Mookie Betts of the Los Angeles Dodgers takes the field in Game Six of the NLCS in Arlington, Texas. Photo: Kelly Gavin/MLB Photos via Getty Images

Tuesday night, the World Series begins. And in true 2020 fashion, the matchup between teams from California and Florida will take place in …Texas, with 11,000 fans wearing masks and trying to compete with pumped-in crowd noise. The whole thing is dystopian, for sure — watching a baseball manager yanking his mask up and down while he screams obscenities at an umpire (obscenities we can now all hear at home) is a pandemic-baseball vision that won’t soon leave my mind — but it is, in fact, baseball. Major League Baseball’s 2020 season is four-to-seven games away from being completed, and that is a remarkable achievement that shouldn’t be overlooked.

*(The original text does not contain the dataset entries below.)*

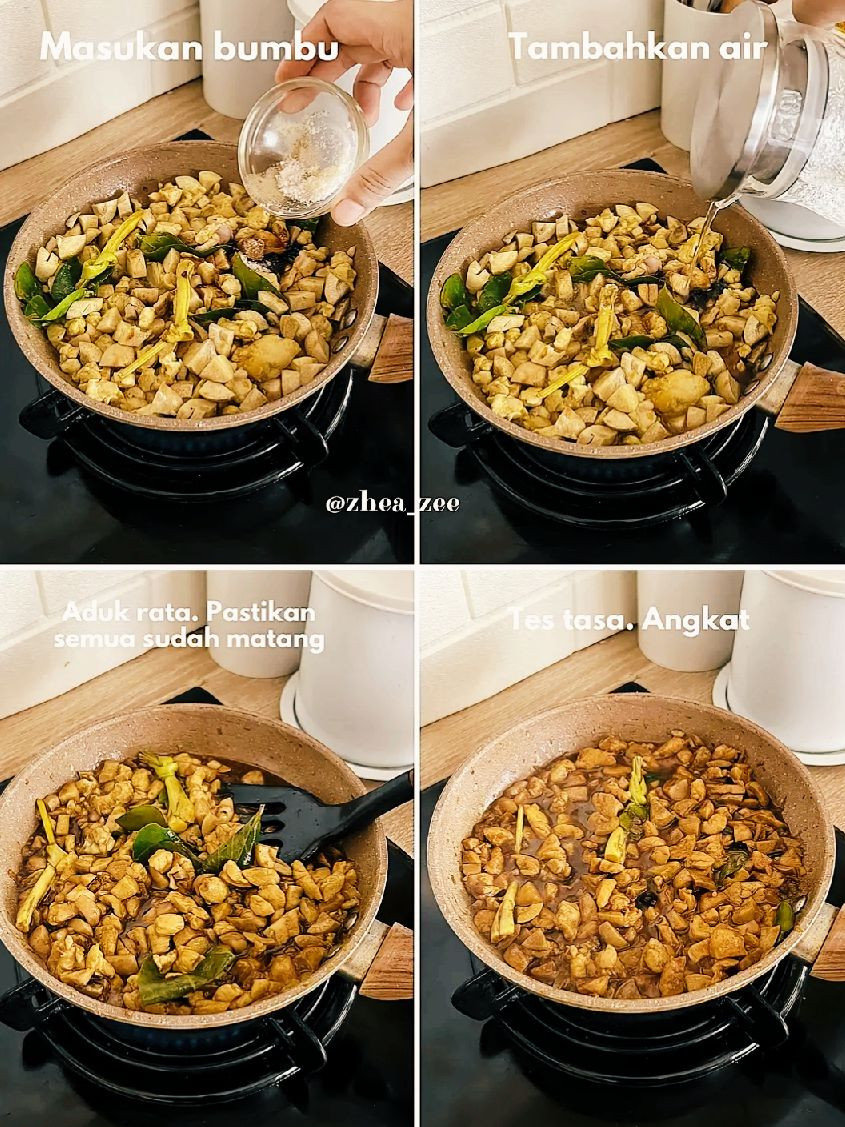 Resep Mie Ayam Jamur: Bumbu Halus, Dada Ayam, dan Jamur Kancing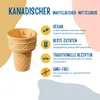 BAZKO Kanadischer Waffelbecher Mittelgroß | halbsüße Produktbild-Vorschau 2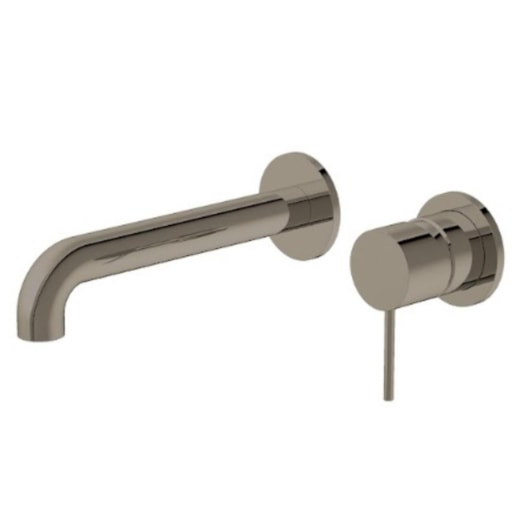 Misturador Monocomando Para Lavatório de Parede Kr469 Onix Matte Kromma - Imagem principal - 81e298c9-c1bd-402f-bf35-5e83d81fb2e8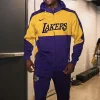 Nike Los Angeles Lakers Purple & Yellow Tracksuit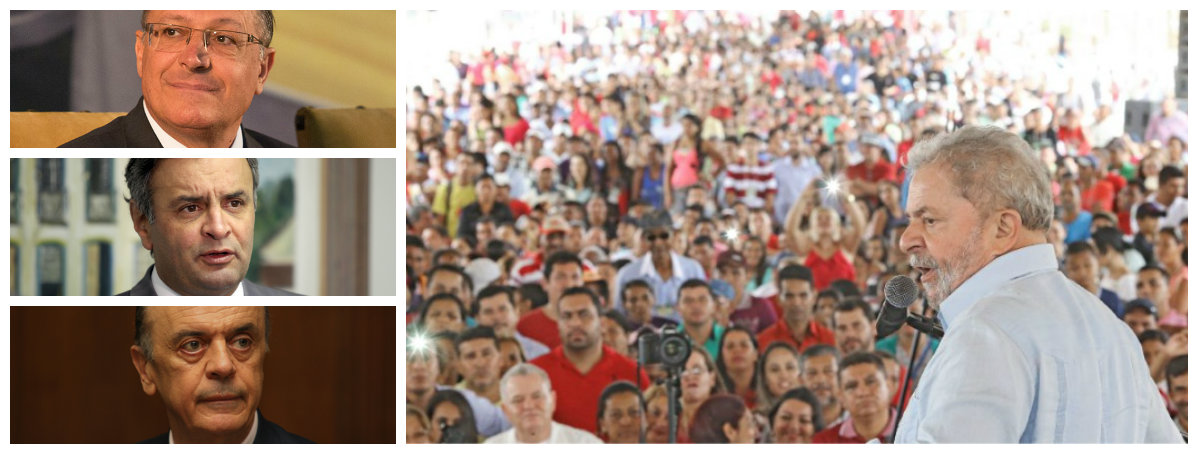"Enquanto a disputa interna poderá rachar o PSDB, o PT, mesmo lambendo suas feridas, não terá como abrir mão de Lula, que é a sua única candidatura viável", diz Leonardo Attuch, editor do 247; "A única saída será defender seu modelo de distribuição de renda e inclusão social, hoje ameaçado pela recessão e pelas medidas de ajuste fiscal, e iniciar uma autocrítica sobre a 'distribuição de renda para cima'– um processo que favoreceu os grandes empresários que ou terminaram em Curitiba ou se tornaram delatores, contra o próprio PT" (Foto: Leonardo Attuch) "Enquanto a disputa interna poderá rachar o PSDB, o PT, mesmo lambendo suas feridas, não terá como abrir mão de Lula, que é a sua única candidatura viável", diz Leonardo Attuch, editor do 247; "A única saída será defender seu modelo de distribuição de renda e inclusão social, hoje ameaçado pela recessão e pelas medidas de ajuste fiscal, e iniciar uma autocrítica sobre a 'distribuição de renda para cima'– um processo que favoreceu os grandes empresários que ou terminaram em Curitiba ou se tornaram delatores, contra o próprio PT"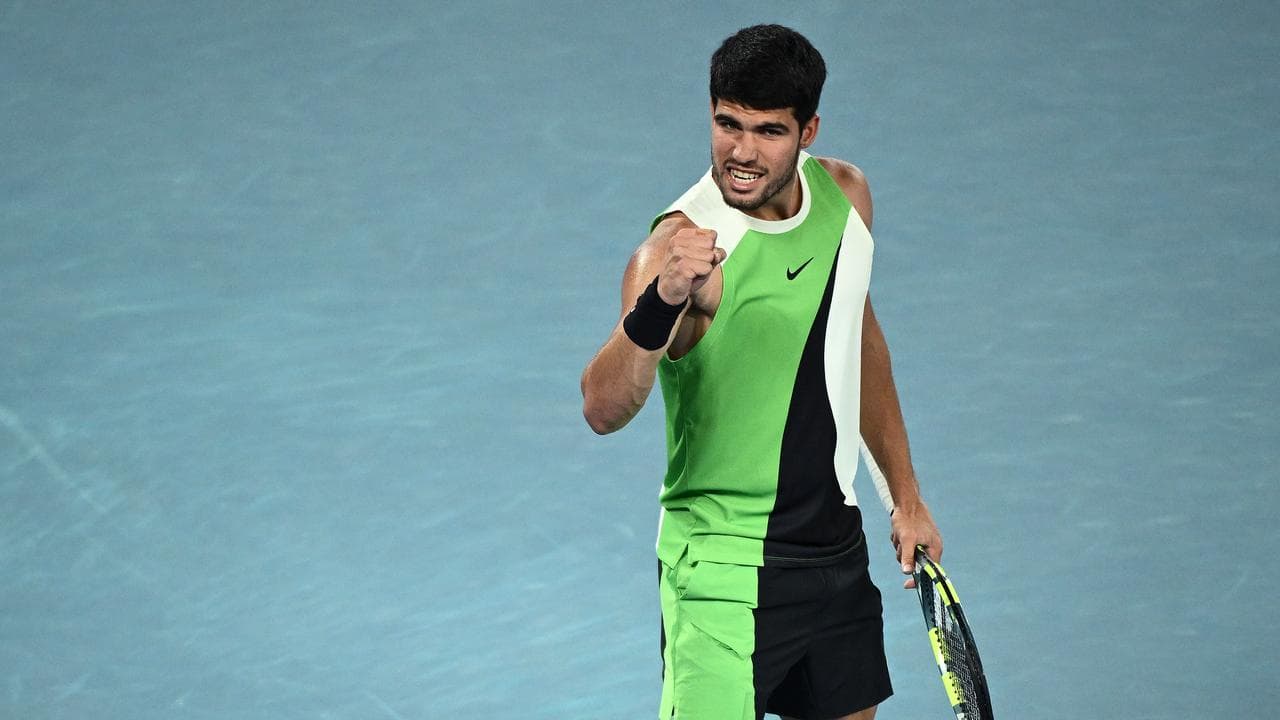 Alcaraz clinches maiden Aus Open final in 5-hour thriller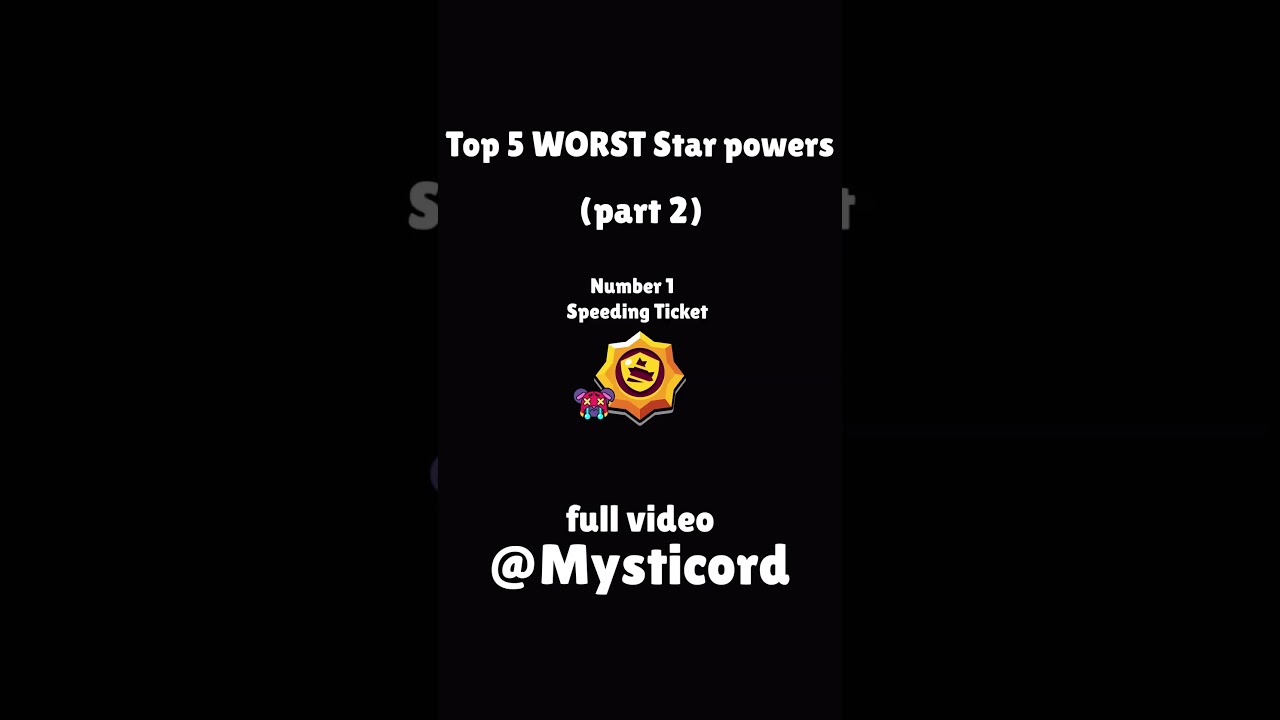Top 5 WORST Star Powers Part 2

After all, it was just two months ago that baseball was widely assumed to be making a tragic, boneheaded mistake by even trying to put together a season. The New York Daily News wrote, “The only thing more insulting than the notion of a 2020 season is the constant reassertion of its viability.” The head of the NYC School of Medicine’s Medical Ethics division told Yahoo Sports that baseball’s plan to salvage the season was “stupid” and not “ethical.” These naysayers looked wise when two teams, the Miami Marlins and the St. Louis Cardinals, suffered outbreaks within the first week of the season. MLB commissioner Rob Manfred even floated the idea of canceling the season right then and there. The league’s primary mistake seemed obvious: Baseball, unlike the NBA, MLS, WNBA and NWSL, was playing its games not in a bubble, but in stadiums across a country in which the coronavirus had very much not been contained. This approach was thought to be putting players’ health at risk for a season that was unlikely to make it through a fortnight in the first place.

And yet here we are, at the threshold of the World Series, with two terrific teams in the Dodgers and Rays both coming off riveting league championships, meeting to finish off a season that MLB, somehow, after its nightmare spring, ended up pulling off. It was bumpy — teams and players lost millions of dollars, and ratings haven’t been near what everyone had been hoping (and planning) for, but MLB did it. The league’s success has been a model for the NFL, which is experiencing a lot of the same issues that baseball did early on but is similarly powering through. And it’s a sign that sports can continue during the worst public-health crisis in 100 years and our country’s persistent bungling of it.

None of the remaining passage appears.